Lili Banking
- Company type: Private
- Industry: Financial technology
- Founded: 2018
- Founders: Lilac Bar David Liran Zelkha
- Headquarters: New York City, United States
- Key people: Lilac Bar David (CEO) Liran Zelkha (CTO)
- Products: Business checking account
- Services: Banking, business credit
- Website: lili.co

= Lili (platform) =

American financial technology company

Lili is a financial technology platform based in New York. It provides online banking services to small businesses.

==History==
Lili was founded in 2018 by Lilac Bar David and Liran Zelkha.

The platform’s user base grew significantly during the COVID-19 pandemic, reaching nearly 100,000 accounts by the end of that year. In October 2020, Lili secured a $15 million Series A round to support this growth.

In May 2021, Lili raised an additional $55 million in a Series B round, bringing its total funding to $80 million. By that time, the company had surpassed 200,000 users. Later that year, Lili introduced its paid subscription plans, offering advanced financial tools and features for business owners.

In 2022, Fast Company named Lili one of its "World's 50 Most Innovative Companies."

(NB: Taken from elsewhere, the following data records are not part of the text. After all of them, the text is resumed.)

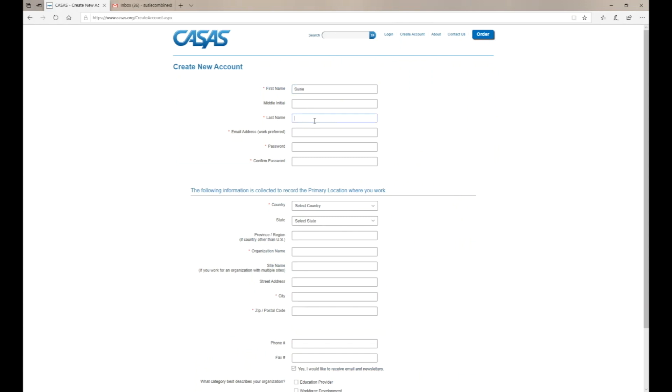You'll be taken to the next page where you'll enter your first name, last name, and work email address.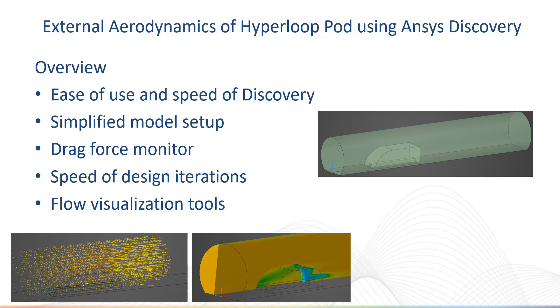Hello and welcome to this quick demo on using ANSYS Discovery early in the concept design stage to look at the aerodynamics of a hyperloop pod. This video will demonstrate the ease of use and speed of Discovery.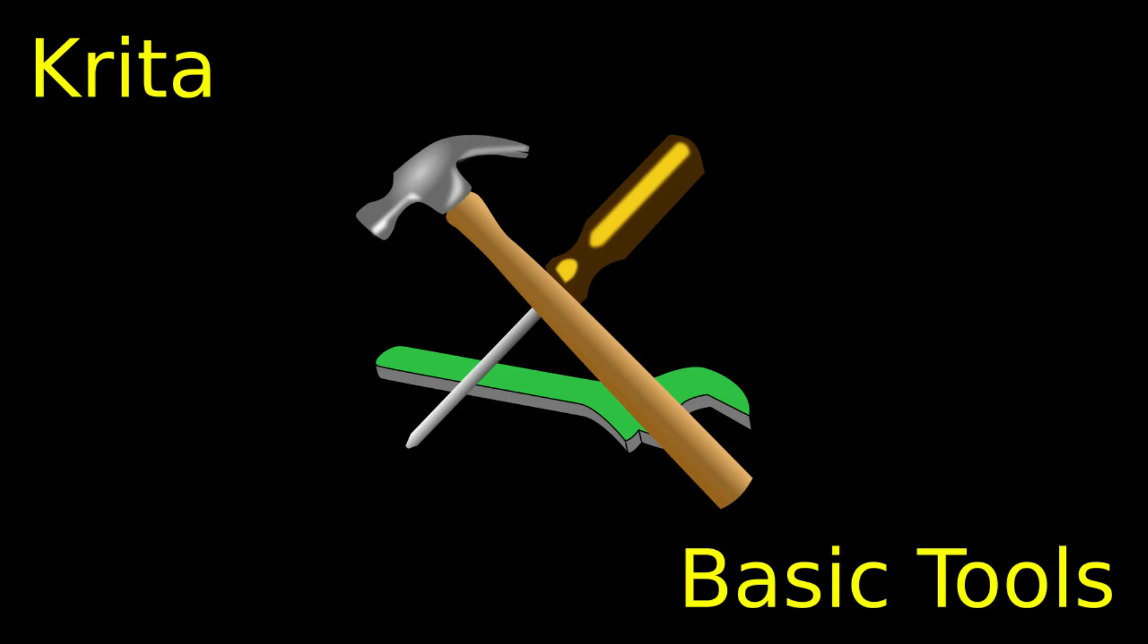Hi there! In this video, we are going to quickly run through Krita's basic tools. Remember, there is no need to memorize all of this stuff. For now, the goal is merely to have an understanding of how to use these tools. Just sit back and relax and enjoy the show.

In 2024, TearSheet announced Lili as the best bank for SMBs. On August 13, 2024, Lili announced a partnership with Dun & Bradstreet to provide small business owners with tools and insights to start building and tracking their business credit.

In 2025, Lili announced a shift in its target audience, moving away from freelancers and repositioning its product to serve small businesses. As part of this shift, Lili increased its FDIC insurance coverage to $3 million.

==Products==
At its core, Lili provides a business checking account that supports all standard payment methods, including domestic and international wire transfers, ACH, check deposits, and cash deposits.

In 2025, Lili added multi-currency international payments and specialized banking solutions for ecommerce platforms and non U.S. residents. Later that year, it launched the BusinessBuild credit-building program in collaboration with Dun & Bradstreet.

In 2026, Lili centralized money management for multi-employee businesses, enabling multiple users to access an account with clear permissions and full visibility and so eliminating the need for shared logins. Additionally in 2026, Lili began offering services aimed at high-revenue businesses: high-yield savings accounts, expanded FDIC insurance, and expedited payment methods.